Re: coda server crashed and won't recover

From: Jan Harkes <jaharkes_at_cs.cmu.edu>
Date: Wed, 16 Aug 2000 12:00:12 -0400
On Tue, Aug 15, 2000 at 10:37:35PM -0400, Stephan Koledin wrote:
> While I had a read-only volume restored and mounted from a previous dump and
> directly after dumping some backup volumes to disk, my codasrv crashed and
> won't come back up. It seems to be looking for the restored volume, but
> can't find it, I assume because it was only temporarily restored from a
> file. The previously restored volume was given id 1000004, as you can see in
> the log below, where the server tries to startup and recover. 
> 
> Is there anyway to recover from this, or will I just need to rebuild the
> server again? 

Ok, first we'll see whether we can get the server running, then we can
remove the offending volumes.

> 16:22:46 Entering DCC(0x1000004)
> Magic wrong in Page i           
> 16:22:46 DCC: Bad Dir(0x1000004.6d.68e9) in rvm...Aborting
> 16:22:46 JE: directory vnode 0x1000004.6d.68e9: invalid entry ; 
> 16:22:46 JE: child vnode not allocated or uniqfiers dont match; cannot
> happen

Ok, this is the bad volume, create a file called /vice/vol/skipsalvage,
with the following content.

-8<--/vice/vol/skipsalvage------------------------------------------------
1
1000004
-8<-----------------------------------------------------------------------

This tells the server to not try and salvage/attach the volume during
startup. Then start the server and see if it crashes on anything else.

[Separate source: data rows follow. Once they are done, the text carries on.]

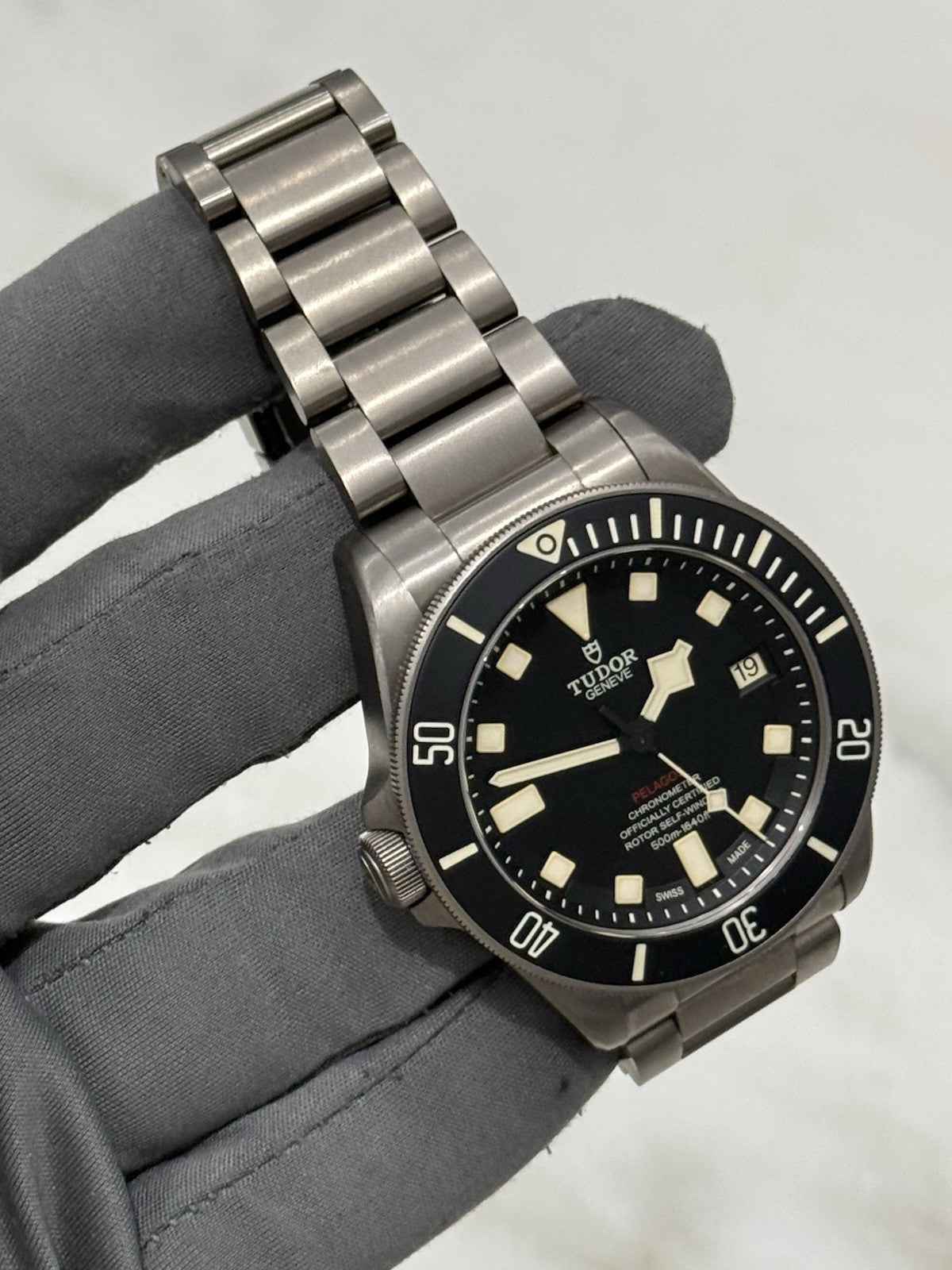 2020 Tudor Pelagos LHD Men's Black Dial 25610TNL Titanium Automatic Watch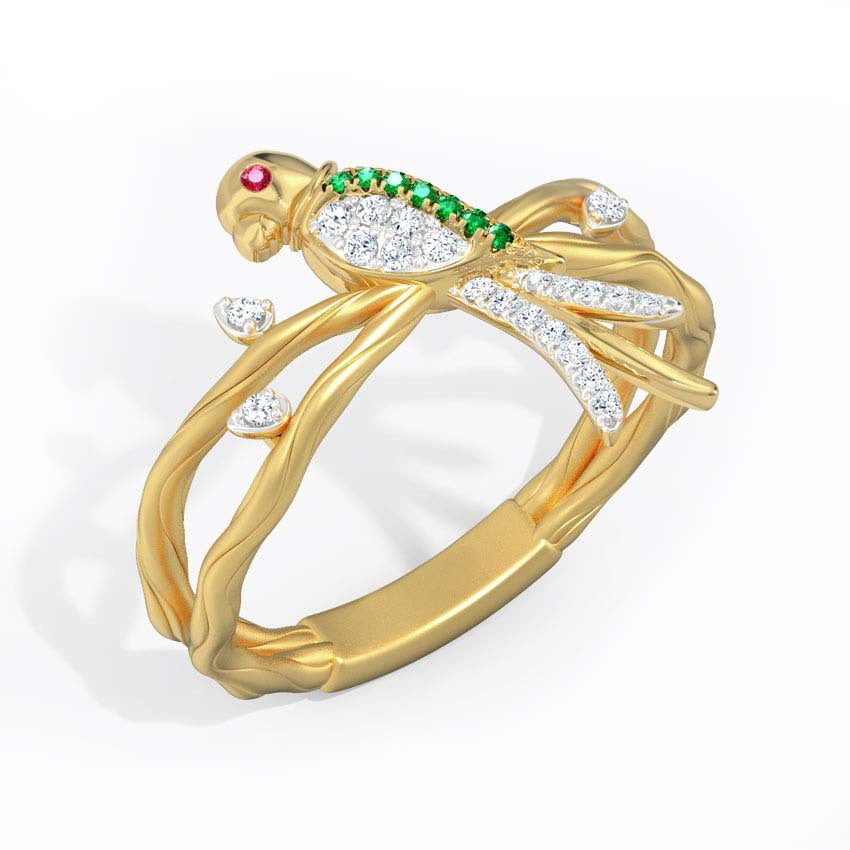 Classic Gold Ring with Timeless Appeal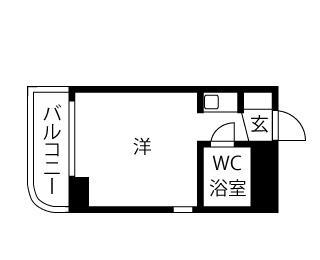 プレスイン日比野(ワンルーム/7階)の間取り写真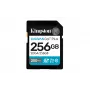 SDXC Flash atminties kortelė Kingston 256GB UHS-I Canvas Go Plus — 256 GB, U3/V30, skaitymas 200 MB/s, rašymas 160 MB/s, Class 10, juoda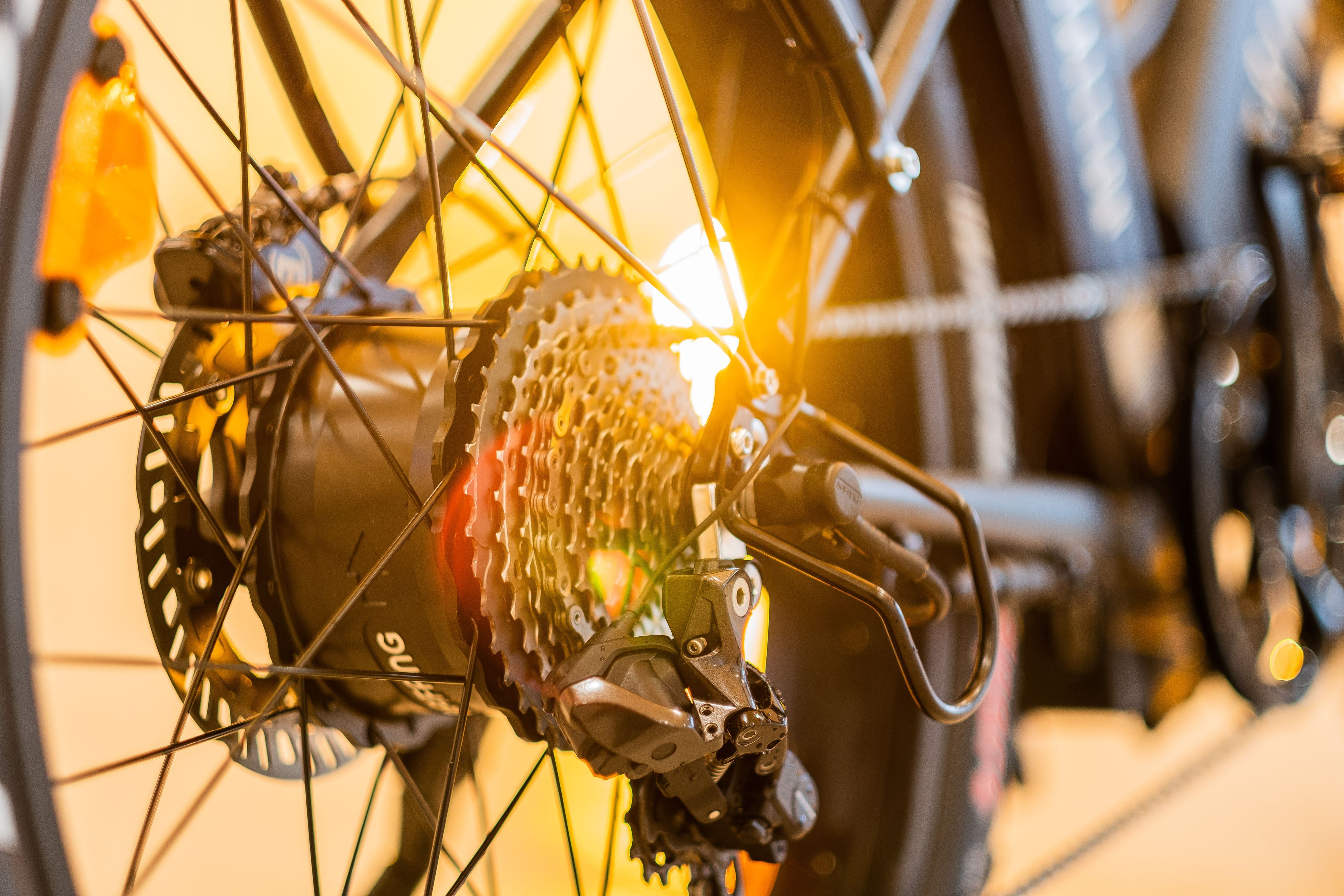 E-Bike Hinterrad mit Motor und Schaltung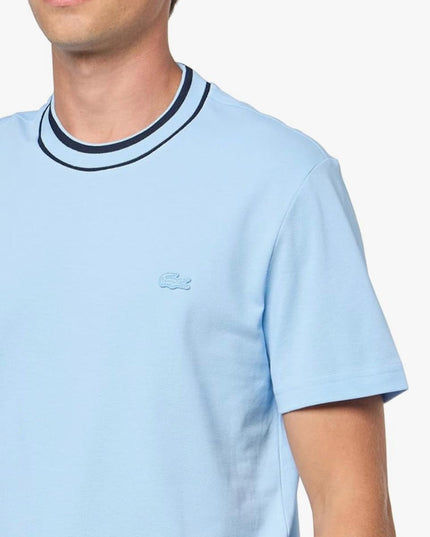 Men’s Stretch Piqué Neck Stripe T-Shirts – LC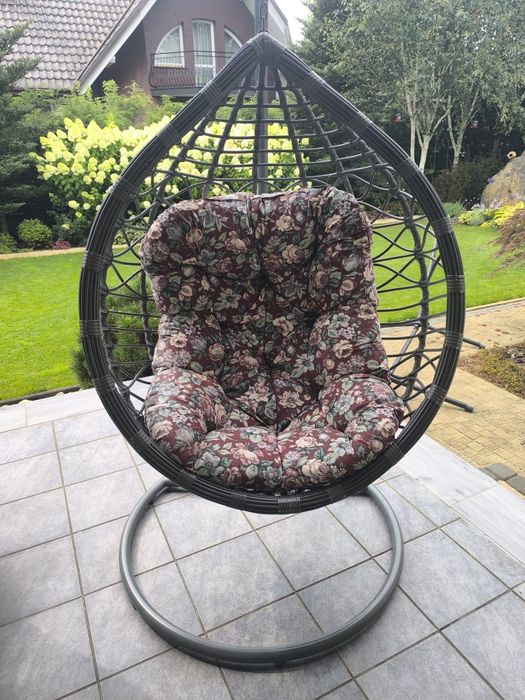Fotel wiszący bujany tarasowo-ogrodowy+ Pokrowiec !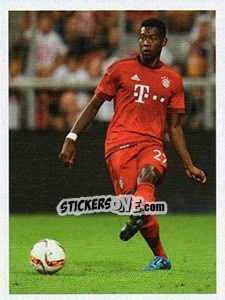 Sticker David Alaba - Fc Bayern München 2015-2016 n. 70 - Panini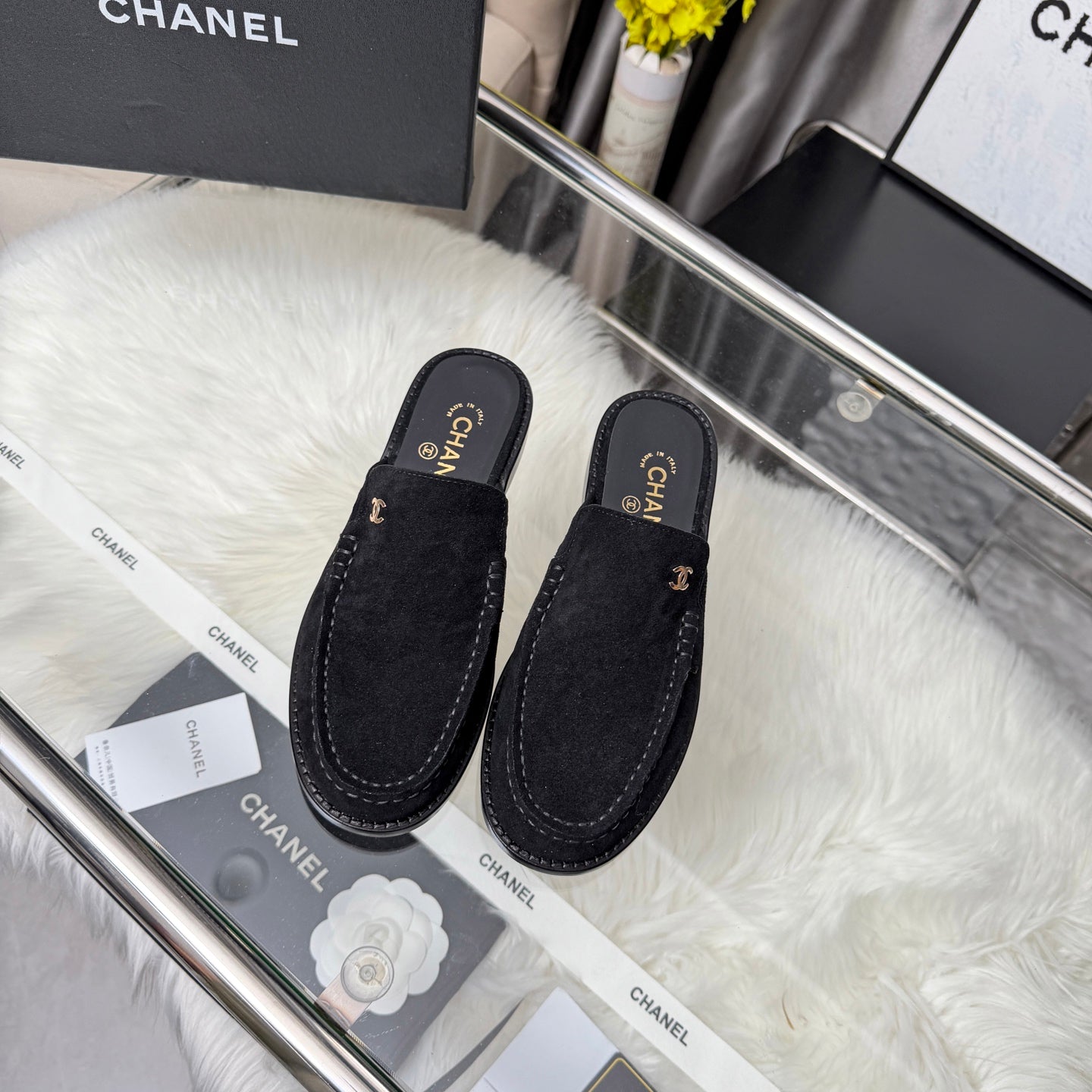 CC 26 Mule Black Suede Calfskin 3608718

When the server is up and running, we have a nice list of volumes to
purge, but we can't really do this while the server is running. So we
have to shut the server down, and use another app to purge the volume
from RVM.

$ volutil shutdown
...wait for the server to shut down...
$ cat /vice/srv.conf
-rvm <logdevice> <datadevice> <datasize>
$ norton <logdevice> <datadevice> <datasize>
Loading rvm...
norton> delete volume 0x1000004
norton> quit
$ rm /vice/vol/skipsalvage
$

At this point we have a server which nicely garbage collects all memory
and data that used to be associated with the purged volumes during it's
startup.

> **** Here's some of the final SrvLog data from before the crash. Seems like
> my SrvLog has been much much busier than normal, but perhaps I just turned
> on more detailed logging somehow? You can spot the crash at the end of this
> segment pretty easily, but there don't seem to really be any clues as to
> what caused it since all the previous actions finished properly.
> 

> 16:12:13 S_VolNewDump:  volume dump succeeded
> 16:12:22 ****** FILE SERVER INTERRUPTED BY SIGNAL 11 ******

9 seconds is a long time, this is possibly unrelated to the volume dump
that just succeeded. Maybe your restored volume has the same name as the
next backup volume, and the creation fails. But that is just a guess.

> 16:12:22 Becoming a zombie now ........
> 16:12:22 You may use gdb to attach to 1853
...
> **** couldn't seem to attach a debugger to it either, looked like it just
> crashed and didn't even zombie like it said it would...

Ah, after several requests we've modified the servers to not become a
zombie when it crashes. Create a file /vice/srv/ZOMBIFY (which makes
the startserver pass a -zombify flag to codasrv) to get the old
behaviour back.

Jan
Received on 2000-08-16 12:02:25